If someone starts losing focus on their midline stability in a deadlift, “Eyes up!” can set in motion a chain of self-corrections starting with looking straight ahead instead of at the floor.

If someone is missing the rhythm of butterfly pull-ups because they are pulling their chin to the bar instead of past it, “Eyes up!” can remind them to keep their gaze up beyond the bar and then glide through to the proper arch position at the bottom.

And if someone is feeling sorry for themselves during a long, arduous workout, feeling alone in their misery, “Eyes up!” can re-enlighten them to the fact that there are others who have also taken on this tough task.  They have teammates to support them on this mission, and teammates that need their support too.

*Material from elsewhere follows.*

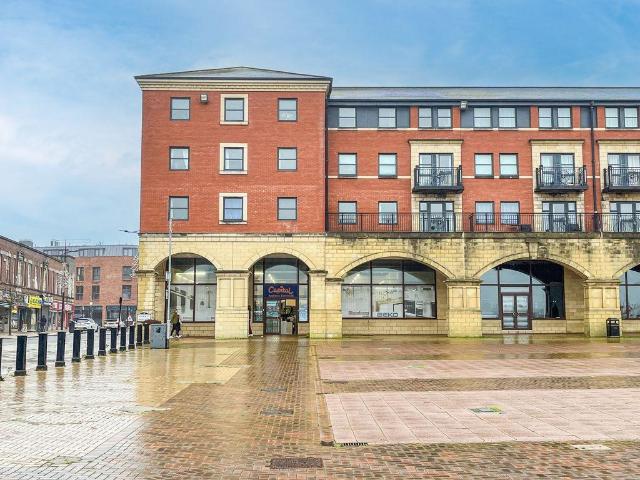 2 bedroom flat for sale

The opposite of “Eyes up” in this case might be “Eyes in”, as in “inside”.  And when we focus our mental energy on feeling what is happening to us, how our body is hurting and doesn’t seem to be performing as well as it did when we started, this dwelling on negative thoughts can stir up negative emotions.
Emotions like anger – “why the hell are we doing this?? This is so stupid!!”
Like doubt and shame – “I’m never going to finish this, and it’s going to be so embarrassing!”
It might even cause us to do things that would break trust with our teammates – “I bet no one would notice if I just skipped some reps here so I can keep up…”

Focusing on ourselves, and feeling sorry for ourselves, which creates negative mental and emotional energy, can then drain our physical energy further.  If we believe that we are not doing well, and keep reinforcing that belief with negative mental chatter, that will become our reality.

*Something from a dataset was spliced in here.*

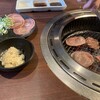 焼肉ホルモン 王道 川西店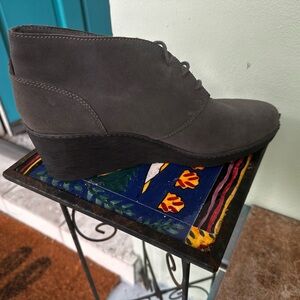 Clark's Women's Gray Wedge Ankle Boots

Luckily, the opposite is true!  I learned long ago through extremely difficult team training that if you take your focus off of yourself, and use the mantra “Eyes up!” to instead focus on your teammates, your mental disposition can change immediately.  It’s very hard to have a negative mindset when you’re encouraging someone else.  You’re being positive FOR THEM, and it changes your emotional outlook as well.
“We’ve got this, guys!” – this breeds hope.
“You’re crushing it, keep it up!” – if you really mean it, you’re showing pride in your teammate.
“Stay with me, let’s do the next 20 reps together.” – you are leading by example.

And guess what – just as sinking your focus into your physical pain can drive your emotional state into a dark place, feeling a sense of pride and encouragement and positive leadership can also upgrade your physical capacity.
“Sure, I’m hurting, but it doesn’t matter, I’m going to keep going so that they keep going too.”  You will not be in such a stressed out state, and your body will follow suit – it will do what you tell it to do, versus the other way around.

Tomorrow on Veterans Day, we take on a tough task with CHAD1000X.  But even if you’re doing it in your garage, by yourself, you’re not alone.  Thousands are doing it with you, and they’re supporting you.  They’re proud of you for stepping up to the challenge.  But they need your support too.  “Eyes up!”